▸ **WHAT TO WORK ON**
Copy every entry exactly as given, minus the images.

Image-caption web data:
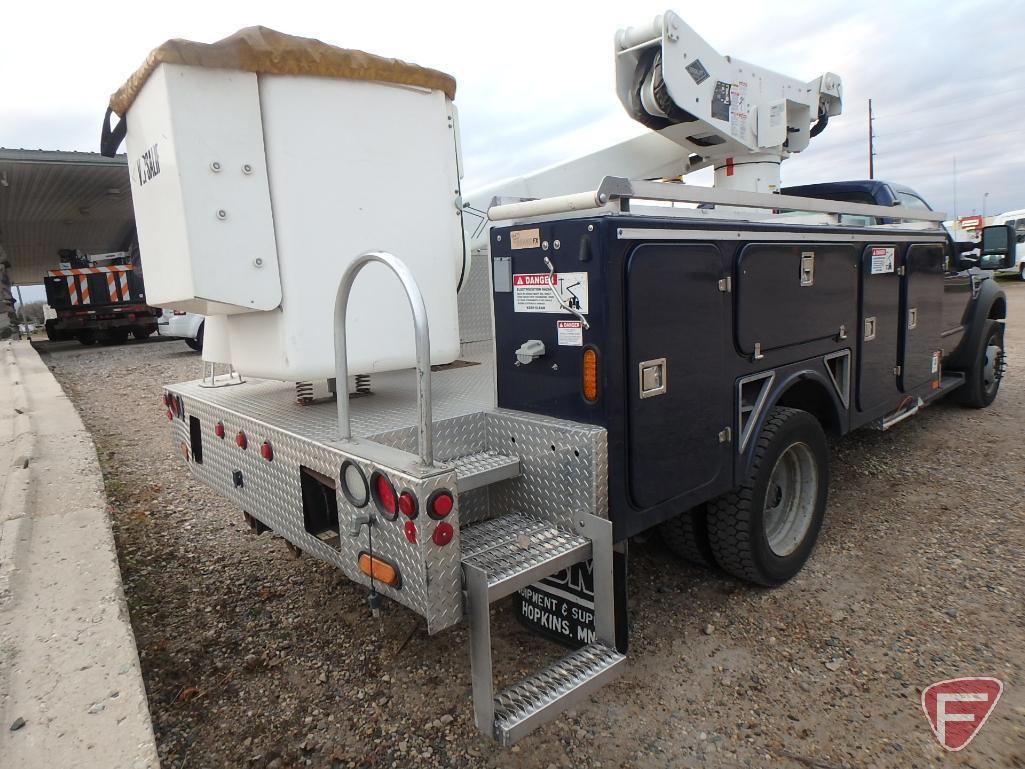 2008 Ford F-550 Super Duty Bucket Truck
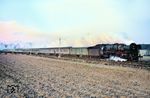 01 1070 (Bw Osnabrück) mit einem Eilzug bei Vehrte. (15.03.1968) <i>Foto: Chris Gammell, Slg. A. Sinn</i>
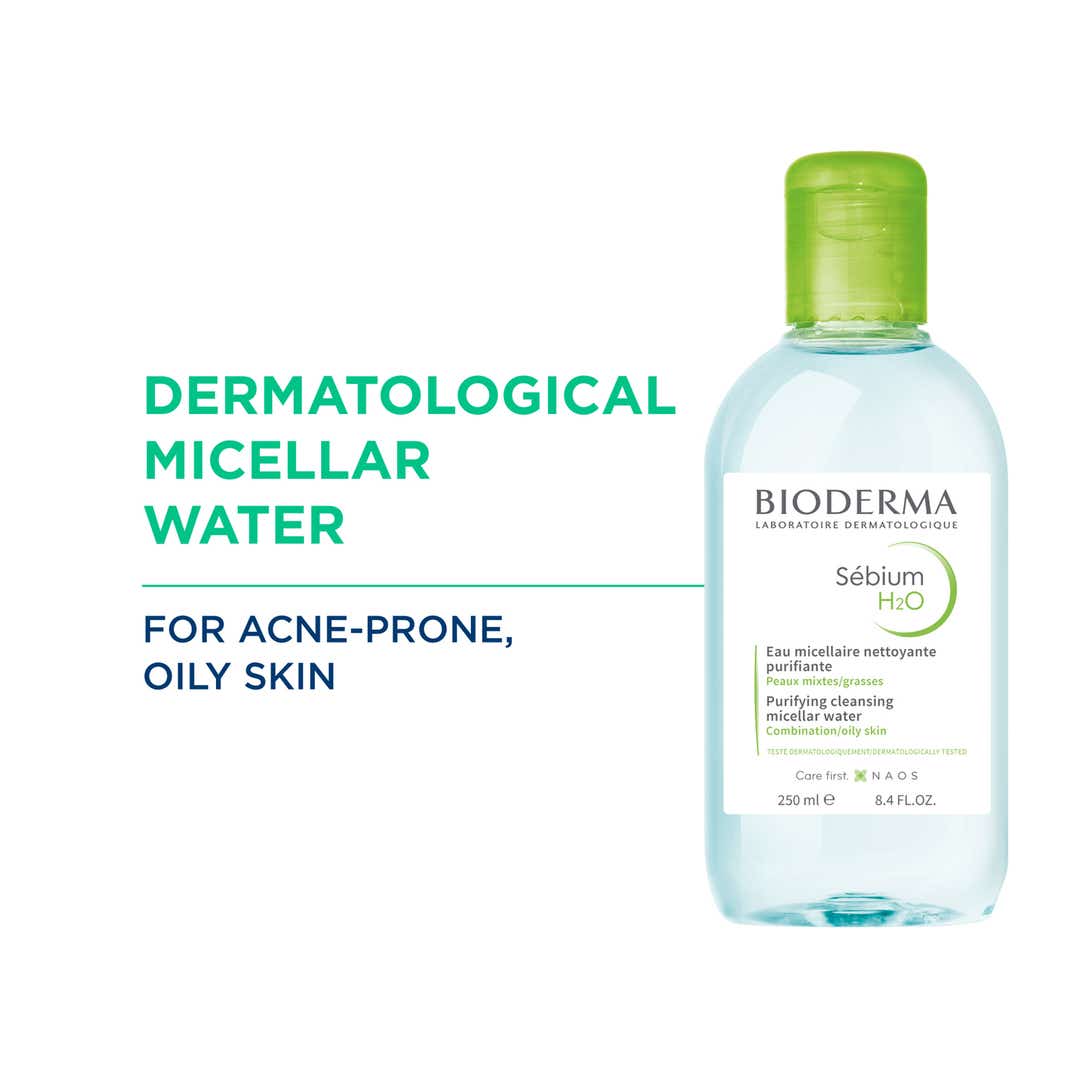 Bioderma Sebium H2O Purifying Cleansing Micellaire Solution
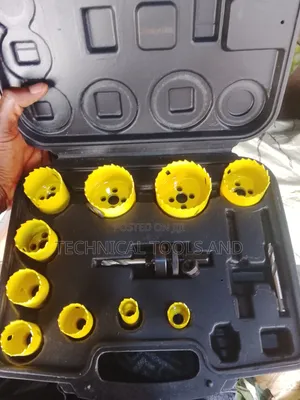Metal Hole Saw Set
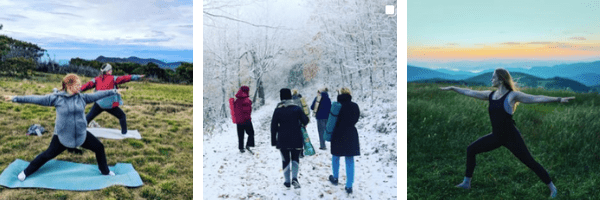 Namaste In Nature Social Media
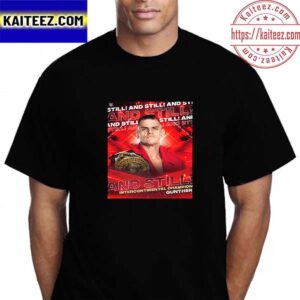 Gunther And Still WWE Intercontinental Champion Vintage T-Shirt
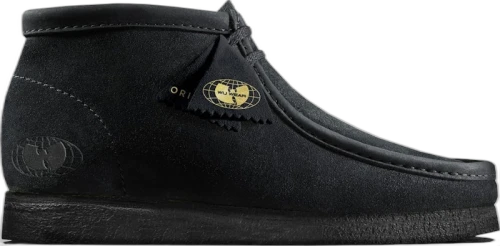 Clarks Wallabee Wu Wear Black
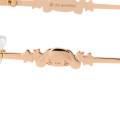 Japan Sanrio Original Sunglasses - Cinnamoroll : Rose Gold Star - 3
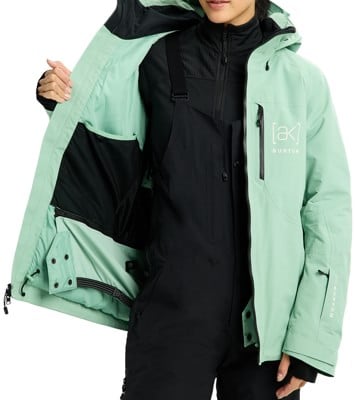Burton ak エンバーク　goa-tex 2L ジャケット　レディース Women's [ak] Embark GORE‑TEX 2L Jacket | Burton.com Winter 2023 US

▸ **ANSWER SPACE**
 2008 Ford F-550 Super Duty Bucket Truck
 01 1070 (Bw Osnabrück) mit einem Eilzug bei Vehrte. (15.03.1968) <i>Foto: Chris Gammell, Slg. A. Sinn</i>
 Bioderma Sebium H2O Purifying Cleansing Micellaire Solution
Metal Hole Saw Set
 Namaste In Nature Social Media
 Gunther And Still WWE Intercontinental Champion Vintage T-Shirt
 Clarks Wallabee Wu Wear Black
 Japan Sanrio Original Sunglasses - Cinnamoroll : Rose Gold Star - 3
Burton ak エンバーク　goa-tex 2L ジャケット　レディース Women's [ak] Embark GORE‑TEX 2L Jacket | Burton.com Winter 2023 US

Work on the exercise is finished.